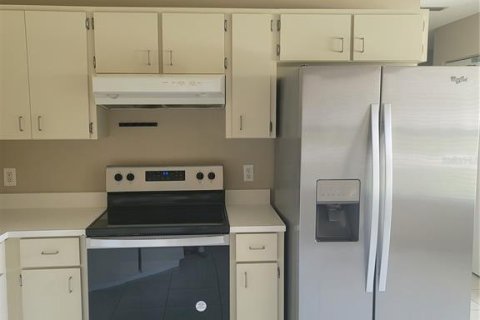 Casa en alquiler en Palm Coast, Florida, 4 dormitorios, 154.59 m2 № 1900900 - foto 7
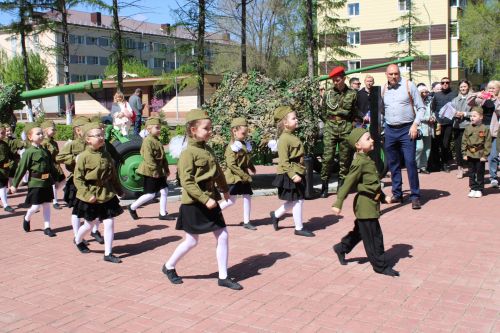 Празднование Дня победы: полный фоторепортаж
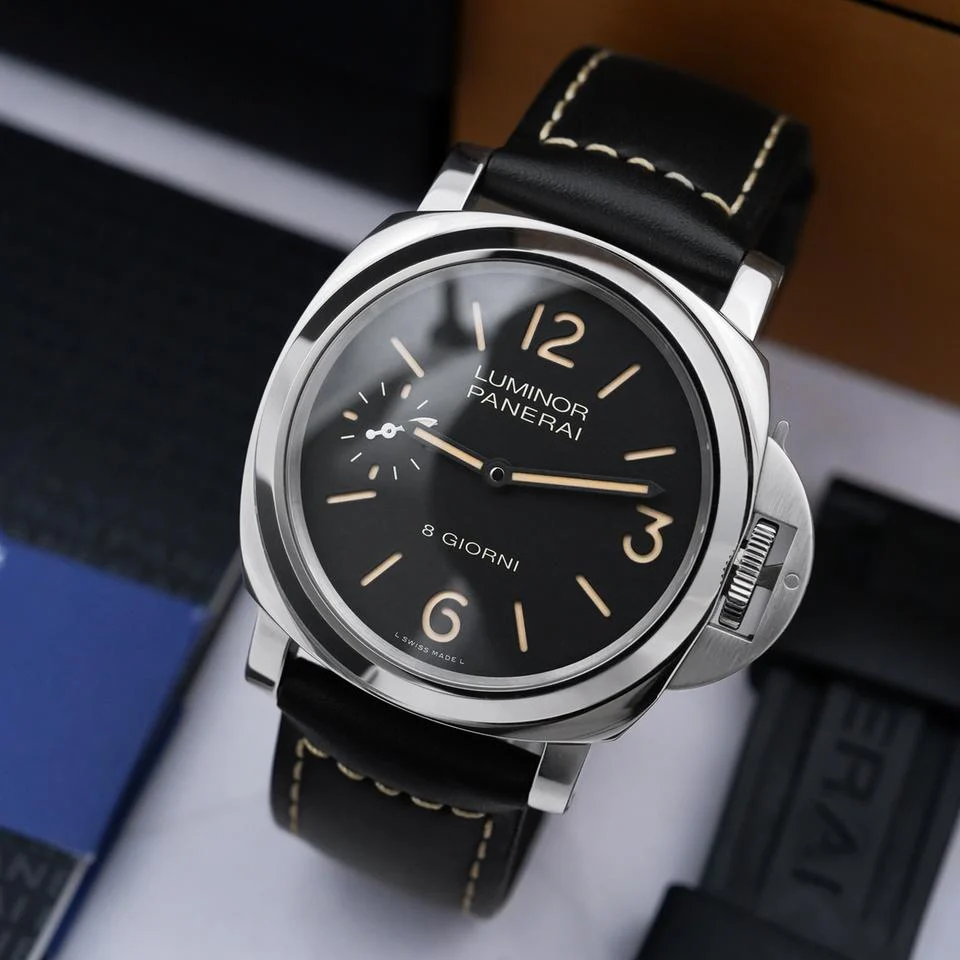 Panerai Panerai Luminor 8 Giorni PAM00915 - 2022 Full Set Stainless Steel 44mm Black Dial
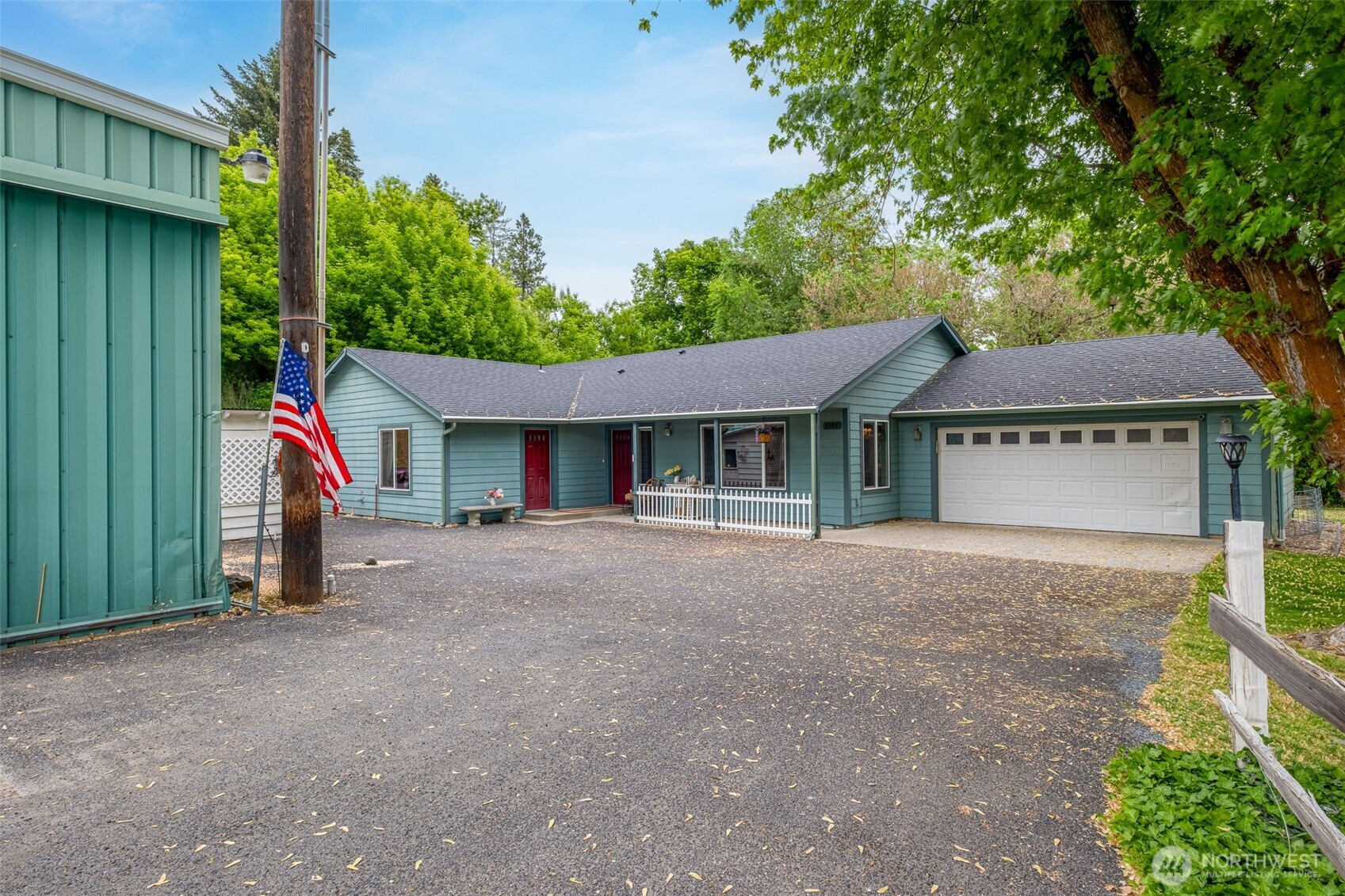 5197 Regan Road, Cashmere, WA 98815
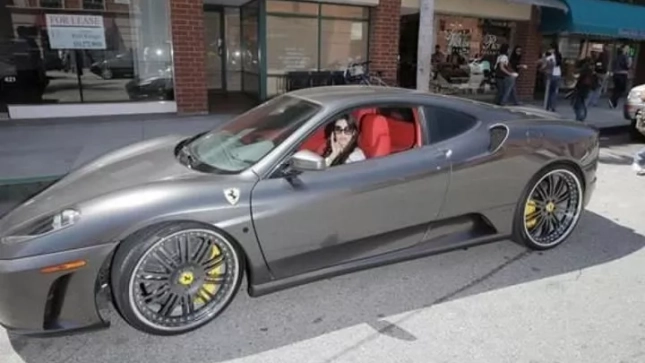 Kim Kardashian y su Ferrari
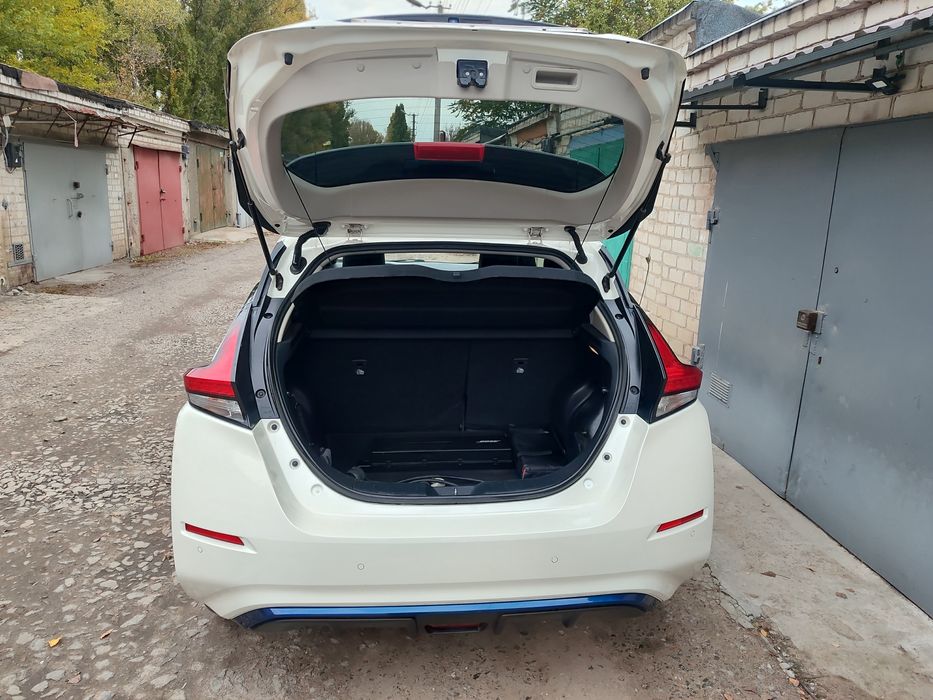 Nissan leaf 09.12.2019 рік 62kw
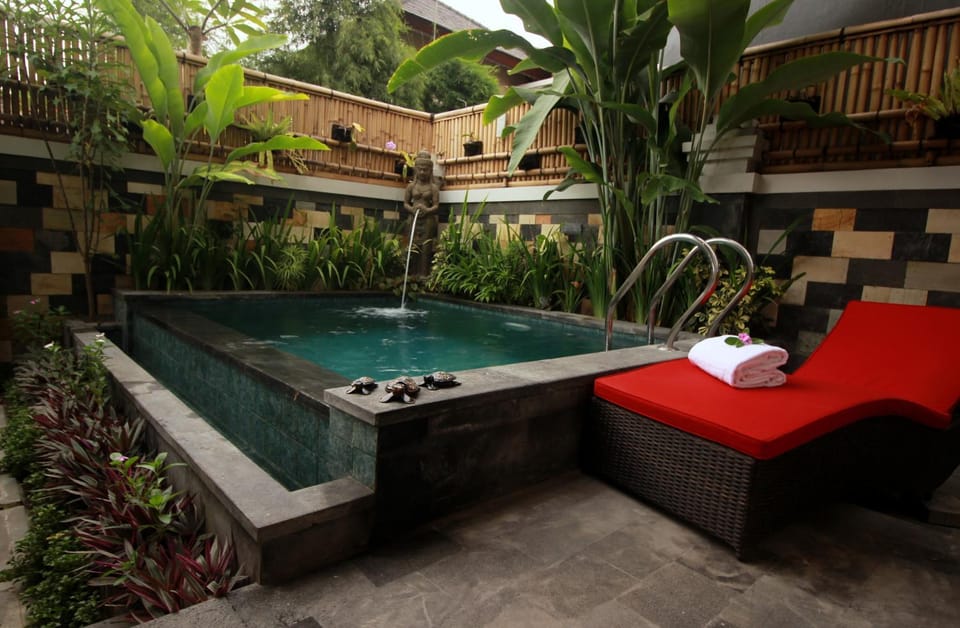 Property building, Pool view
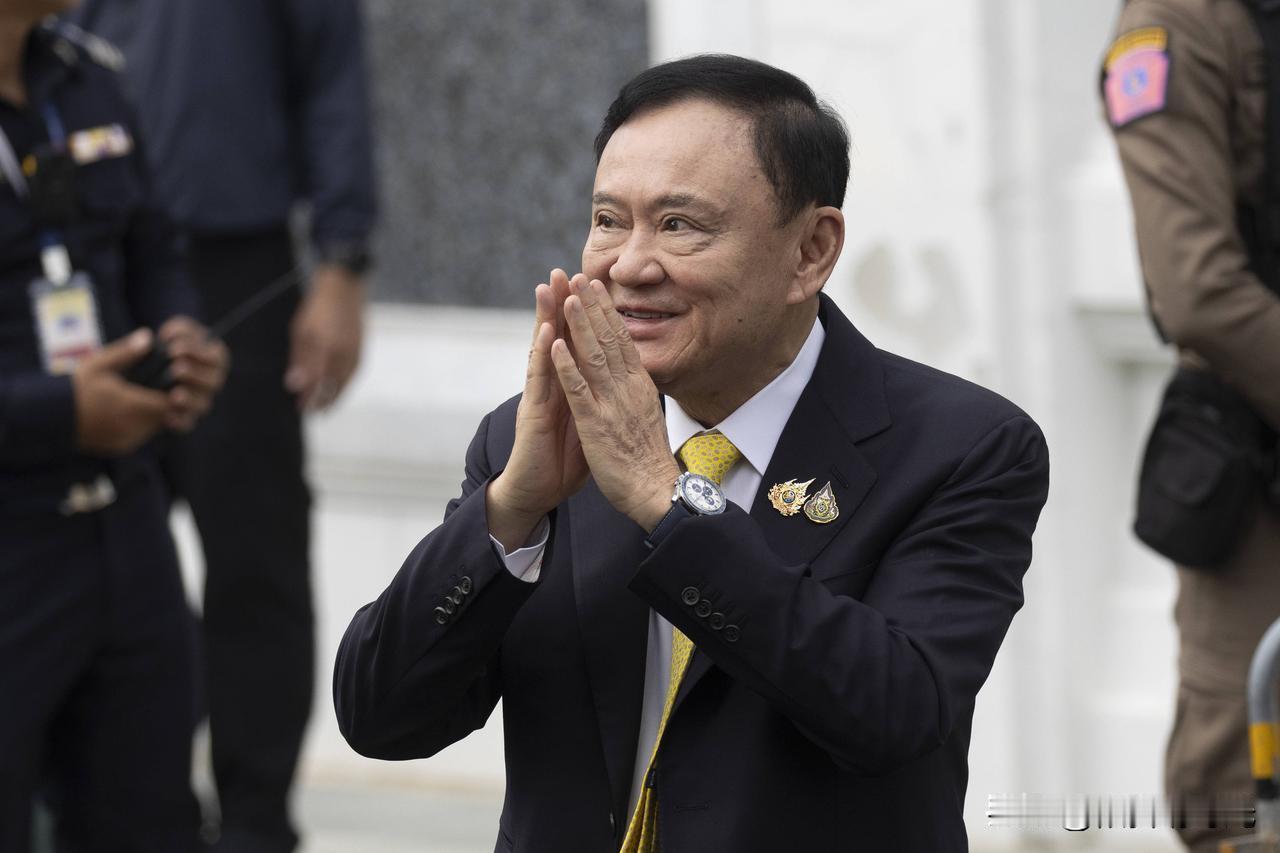 真没有想到，泰国前总理他信这么快就再次出手了，这次针对的是泰国税务局，直接将泰国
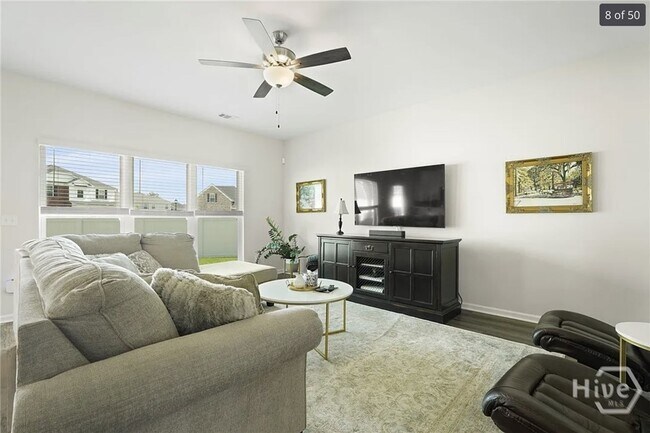 Building Photo - 126 Chalk Farm Wy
#####
To do: Word for word, print all of the data; skip the pictures.

Exercise solution:
 Casa en alquiler en Palm Coast, Florida, 4 dormitorios, 154.59 m2 № 1900900 - foto 7
 Празднование Дня победы: полный фоторепортаж
 Panerai Panerai Luminor 8 Giorni PAM00915 - 2022 Full Set Stainless Steel 44mm Black Dial
 5197 Regan Road, Cashmere, WA 98815
 Kim Kardashian y su Ferrari
 Nissan leaf 09.12.2019 рік 62kw
 Property building, Pool view
 真没有想到，泰国前总理他信这么快就再次出手了，这次针对的是泰国税务局，直接将泰国
 Building Photo - 126 Chalk Farm Wy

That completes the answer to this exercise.